Aziz Enhaili : Cette «affaire des minarets» pose la question de la visibilité de l’islam en Suisse. Pourquoi, à votre avis, elle se pose aujourd'hui?
Patrick Haenni : Le minaret est fondamentalement une question de visibilité, et derrière la visibilité, il y a la patrimonialisation, le problème du minaret dans le village, qui n'est ni un problème de racisme, ni de xénophobie, mais de rapport problématique à l'affirmation du multiculturalisme. En contraste au soutien de la «Suisse primitive», on constate par exemple que dans des cantons comme Genève, pourtant canton relativement laïc, l'initiative a été refusée. Le facteur discriminant, ce n'est pas l'islam, mais la question du multiculturalisme.
Aziz Enhaili : Le débat provoqué en Suisse par cette «affaire des minarets» ne serait-il pas également un signe que ce pays se replie sur lui-même?

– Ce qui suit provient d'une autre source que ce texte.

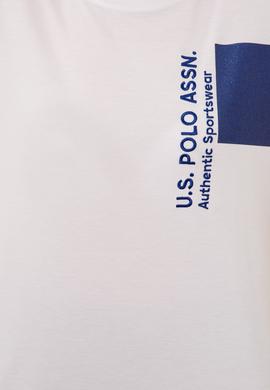 Kadın Beyaz Bisiklet Yaka Oversize Tişört - 50249054004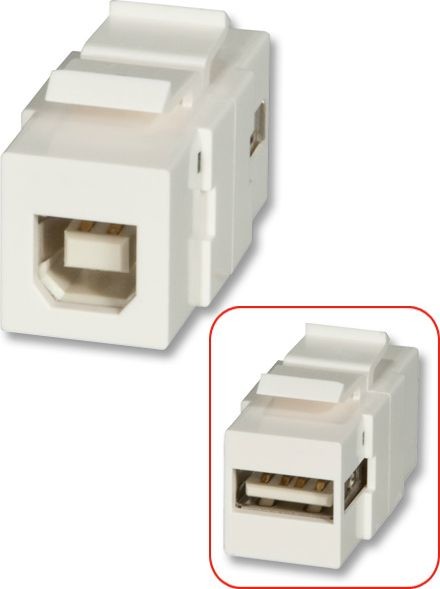 Keystone Lindy USB A/B Double Female module for wall boxes 60555 60555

Patrick Haenni : Pas forcément. Qu'est-ce qu'un repli, d'un point de vue sociologique? C'est, d'une part, le tarissement des flux de population vers l'extérieur et de l'immigration, c'est d'autre part le refus idéologique des apports extérieurs. Or les flux de populations sont plus forts que jamais, l'immigration se maintient, y compris l'immigration politique, comme on l'a vu lors de l'accueil de dizaines de milliers de ressortissants des Balkans suite au conflit armé au Kosovo. Par ailleurs, l'immigration musulmane en particulier a été en progression exponentielle depuis près de 40 ans, passant de 17.000 personnes au recensement de population de 1970 à près de 400.000 actuellement. Et cela sans tensions notoires à la base. Par contre, il est vrai qu'une crainte de l'ouverture existe par ailleurs en Suisse, mais elle touche avant tout l'ouverture à l'Europe. Pourtant, de proche en proche et depuis une vingtaine d'années, l'idée de «Sonderfall Schweiz», d'une exception helvétique, commence à s'effilocher. La Suisse tente progressivement de sortir de son «état d'exception» et de découvrir sa banalité, et cela suscite toujours des résistances.
Entrevue réalisée par Aziz Enhaili pour Tolerance.ca ®.